As far as Moto 360 is concerned, it is very well designed and looks fashionable too. Moreover it doesn't have a standard design. Let us wait and watch how much it succeeds in next 6 months.

Joanan Hernandez CEO & Founder at Mollejuo

May 5th, 2014

Hello Joe,

There's a Juniper report on which we contributed. It "predicts" AR to be used by around 200 million people by 2018. Is just a prediction, and we all know how predictions on tech end working out, right?

In any case, we do AR based apps (geolocation), let us know when you want to expand on the subject.



May 8th, 2014

My biggest problem with my Basis (health tracking watch) was power. Powering all of those sensors requires a very large battery (driving the bulk) and even so the watch would die after about 3 days. I couldn't charge it overnight since I was supposed to wear it to sleep to track sleep cycles. 

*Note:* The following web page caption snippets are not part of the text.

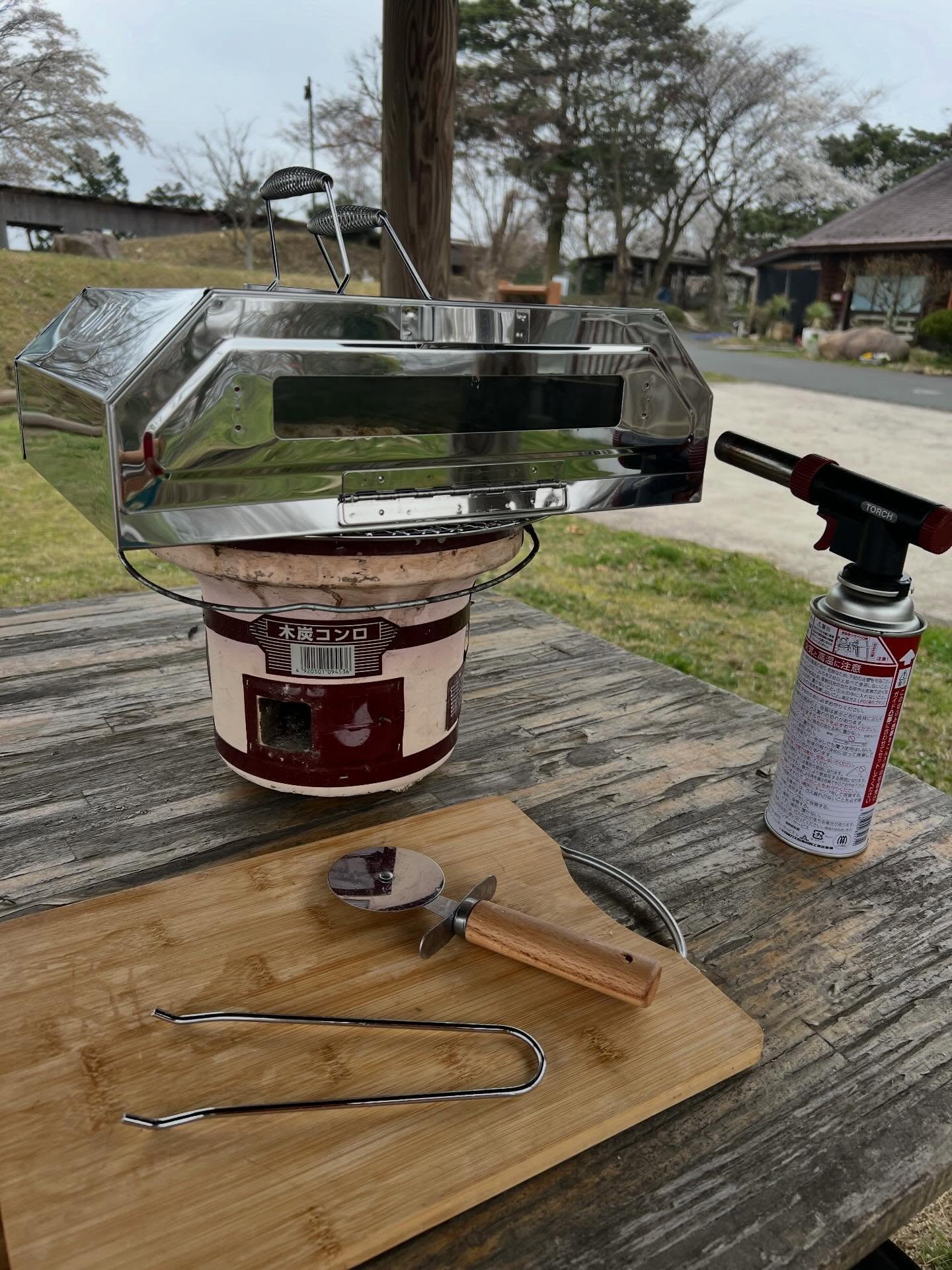 最近人気のコテージ七輪BBQ。七輪でピザも焼けたら面白いかなと思ってキャンプ用ピザオーブンで試してみました。
冷たい風が強かったのであんまり庫内の温度が
上がらなかったです。
温度計はずっと60℃くらいのまま。
試しに焼いたのは冷凍ピザ。
20分くらい温まるのにかかりましたけど、
温めることには成功。
もう少し天気が良ければ早く温まると思います。
もしオーブンを使いたかったらレンタルしていますので
管理棟までお越しください
#キャンプピザ
#キャンプオーブン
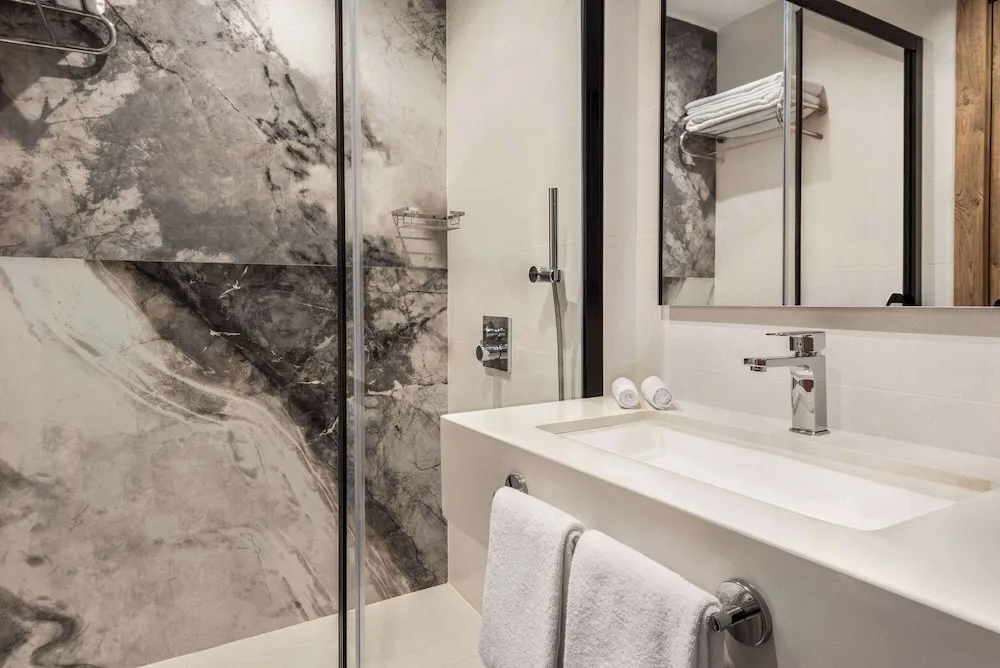 Oda, 1 En Büyük (King) Boy Yatak, Balkon, Şehir Manzaralı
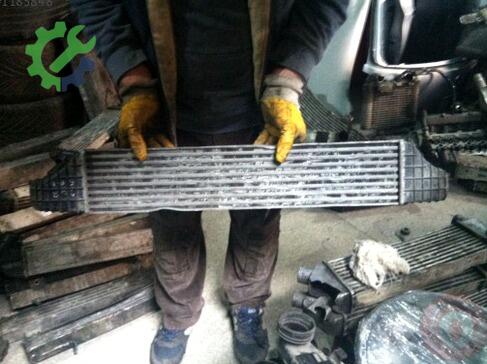 Mercedes-Benz C Serisi Intercooler Radyatörü çıkma parça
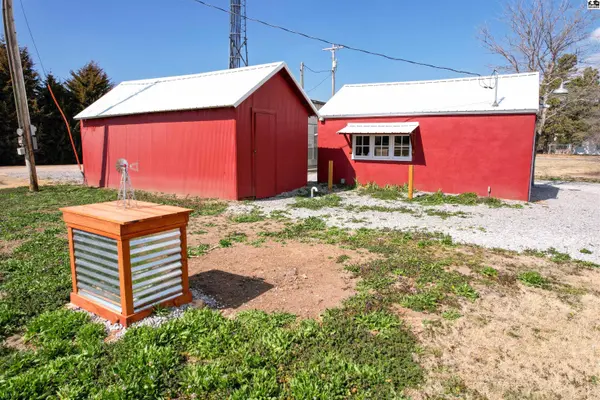 105 N Broadway St, Hanston, KS 67849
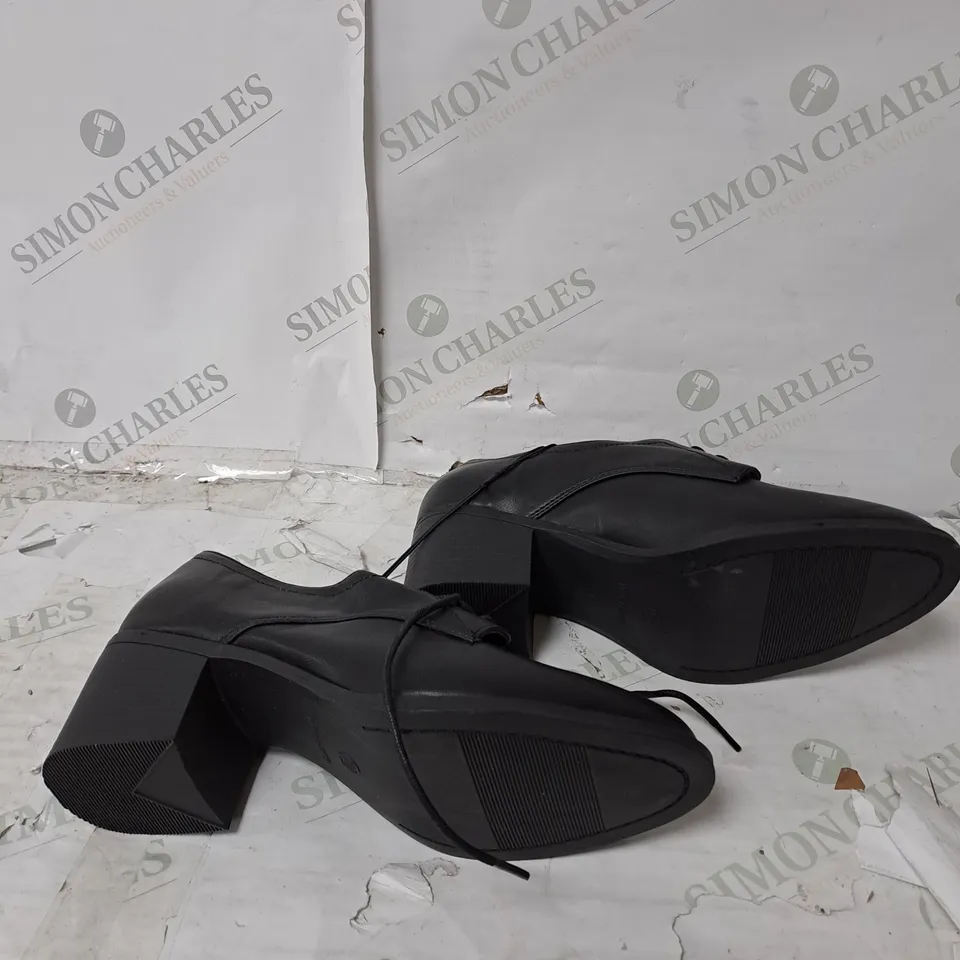 APPROXIMATELY 10 PAIRS OF UNBOXED GEORGE FABULOUS FOOTWEAR HEELED SUIT SHOES IN BLACK - VARIOUS SIZES 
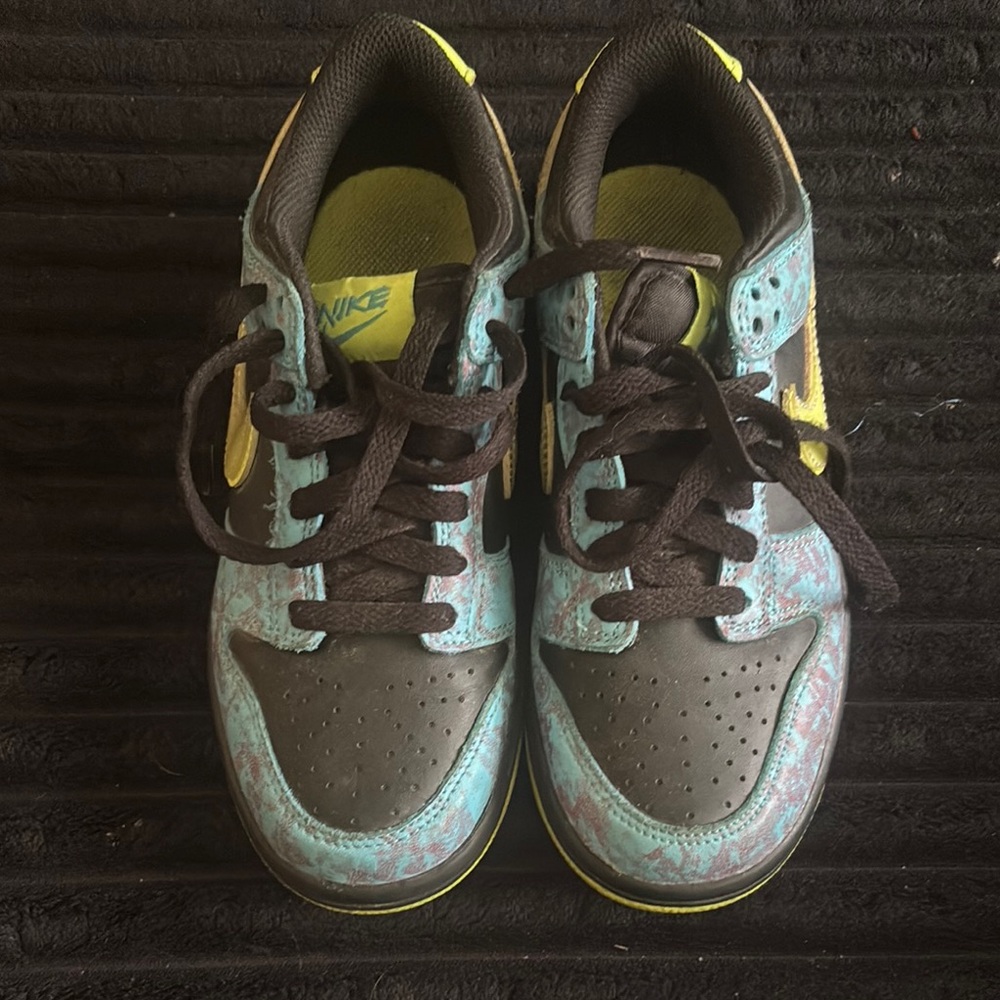 Nike Kids Sneakers - Teal and Neon Yellow
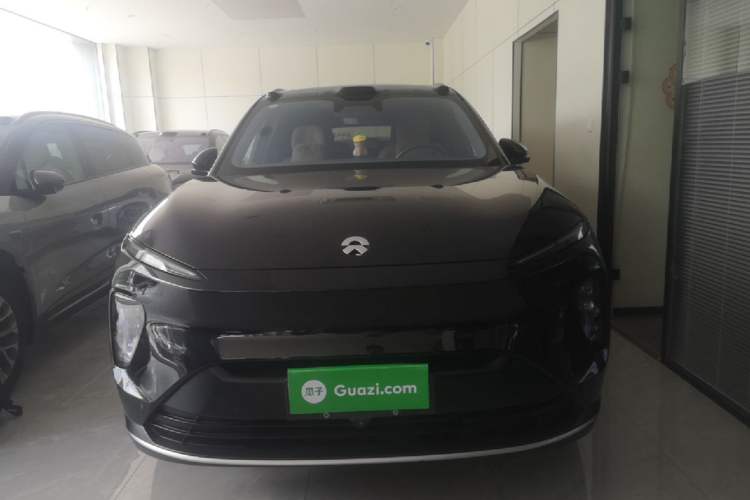 Used Nio ES8 2024 75 kWh Executive Edition Front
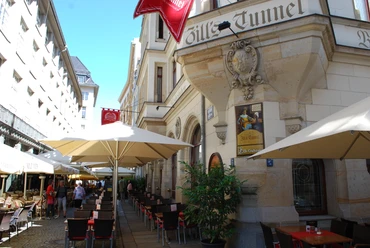 Gasthaus Zills Tunnel - Gastronomie in Leipzig Blick auf den Eingang zum Gasthaus Zills Tunnel und den dazugehörigen Freisitz, Gastronomie in Leipzig, Restaurant, freizeit, freisitz, kulinarik
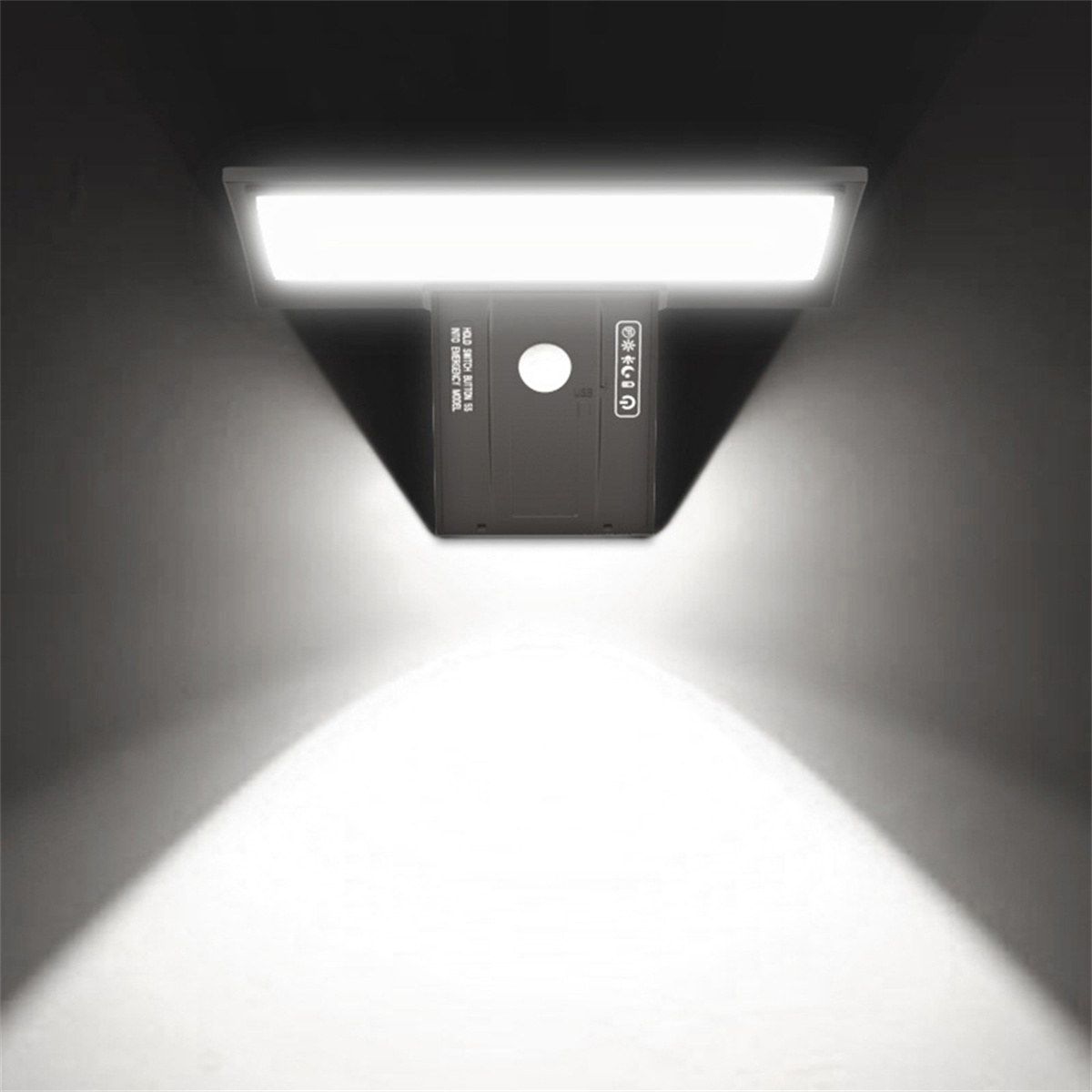 LED-Leuchte auf dunklem Hintergrund. Das Licht ist hell und scheint nach unten.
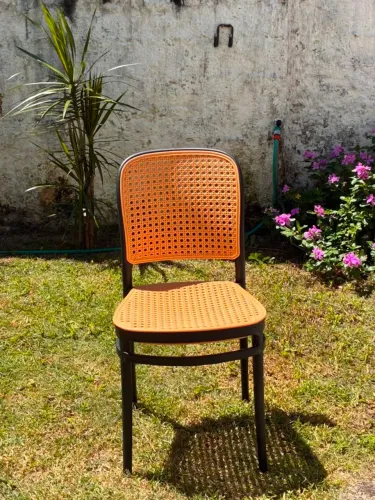 Vendo cadeira plástica para mesa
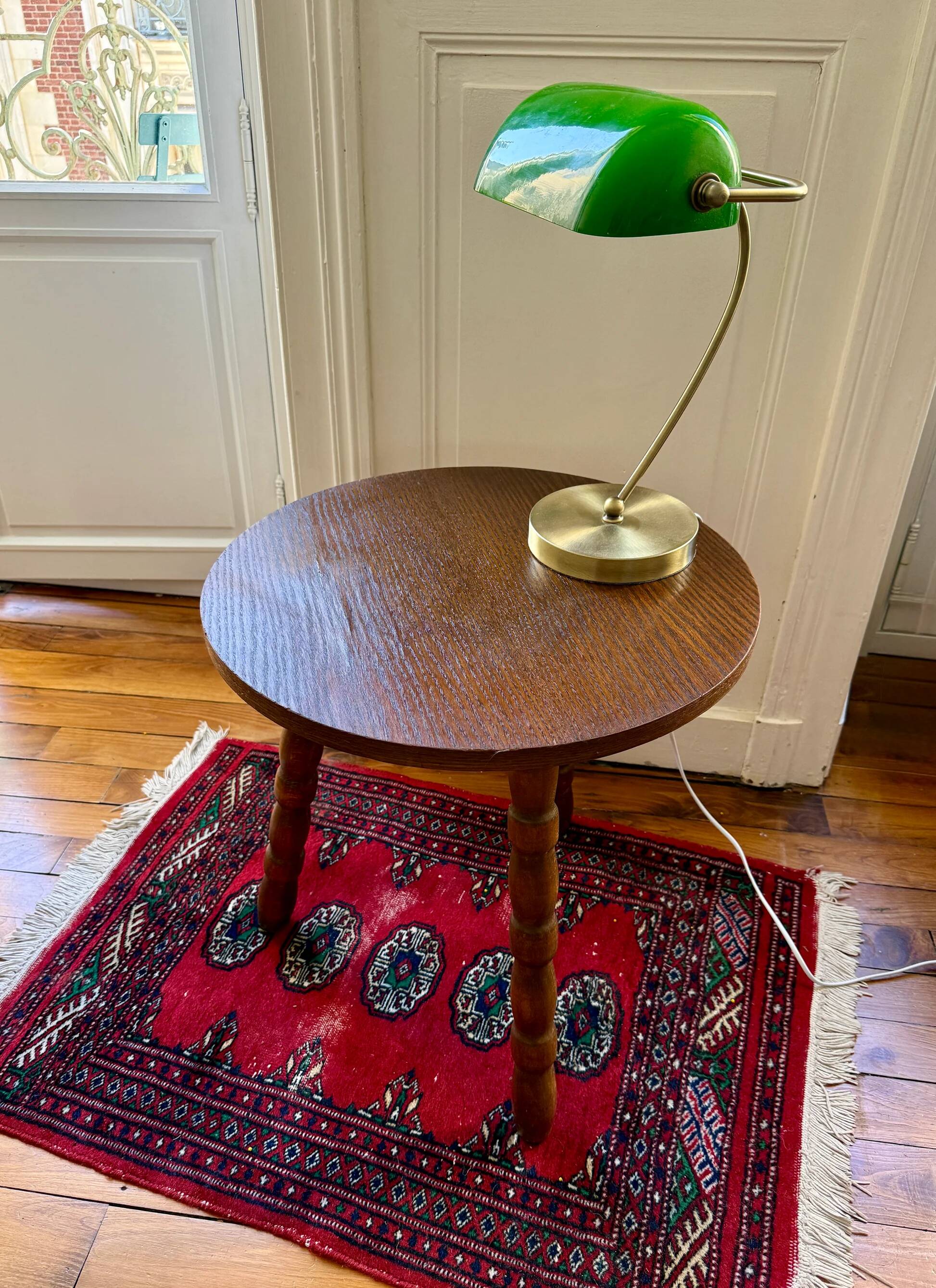 Tripod side table in wood - brutalist style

I don't think more energy efficient sensors is necessarily the answer. We'd need to be several orders of magnitude more efficient to even approach the charge life of a watch. I think the breakthrough will be figuring out how to charge these devices automatically and without wires. This would allow batteries (and thus devices) to get smaller as well.

Joanan Hernandez CEO & Founder at Mollejuo

May 9th, 2014


You're correct that fashion is a factor ion wearables. That's why Google made an strategic partnership with Luxotica. In case you're not aware of Luxotica, when you visit their site, click on Brands, those are their brands of glasses.

Also, the moto360 is quite a nice watch.